Submitted by nicoletta on Wed, 10/20/2010 - 22:50
  • The Travel Habit
  • 12. WPA Guides
processed food and some closing words...
A few things that particularly intrigued me were in the New York WPA guide.  I was surprised to find that by and large, it is the same history I would give today to a tourist on one of my food tours.  On my tours we look at both the history behind the neighborhood and the history of the food itself.  In he case of the Great Depression era food I was intrigued by the origin of processed food.  Surprisingly it was in the 1700’s when Napoleons troops were starving in Russia, that he offered a reward to anyone who could make food that would keep.  Nicholas Appert after fourteen years of experimenting developed a method of placing food in corked bottles which were then boiled.  This worked until the bottles started to break in transit.  In 1810 Peter Durand developed the idea of steal covered with tin, the tin can.  Frozen food originates with Clarence Birdseye.  He noticed on an expedition to the arctic that meat left in the arctic air was still fresh tasting months later.  Upon experimentation he concluded that mere freezing wouldn’t work.
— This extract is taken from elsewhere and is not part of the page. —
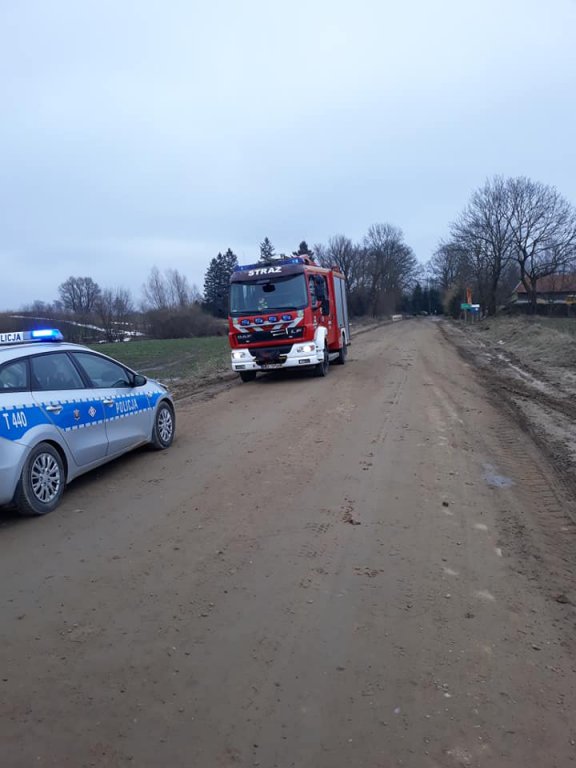 Tragiczny wypadek na budowie Via Baltica. Utonął operator spycharki - zdjęcie #4 - eOstroleka.pl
The trick was to have a sudden sharp drop in temperature, so he invented the “Quick Freeze Machine”.  And that’s the history of our modern day processed food.
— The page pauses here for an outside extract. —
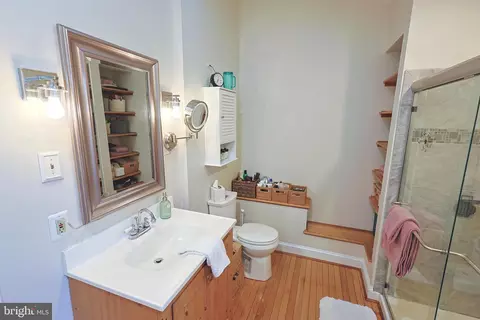 Bath - 2431 Fleet St, Baltimore, MD 21224 photo 4 of 9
In some ways I’m glad I wrote this blog late because I had time to reflect on our Tuesday class discussion.  I was struck by the course’s title and how it’s meaning differs from how I originally perceived it at the start of the semester.  In a strange but “cool” way I now think this course is about the journey of travel in America.   We have watched the beginning of traveling in America, how it started from a necessity to find work, as in the Grapes of Wrath.  Then we saw it morph into a half necessity: a perceived necessity to show reality and the lack of necessity to travel for work.  This is showcased in the writers and photographers.  Lastly we see the middle class begin to travel.  Overtime all of America has started to travel.  As a result, travel must therefore be a part of what makes America, America.  This marriage of travel and the American identity is finally merged in the WPA guides.  As we said in class these guides were half guidebook and half ethnographies.  And so, we can see the journey of travel in America laid out in our course step by step.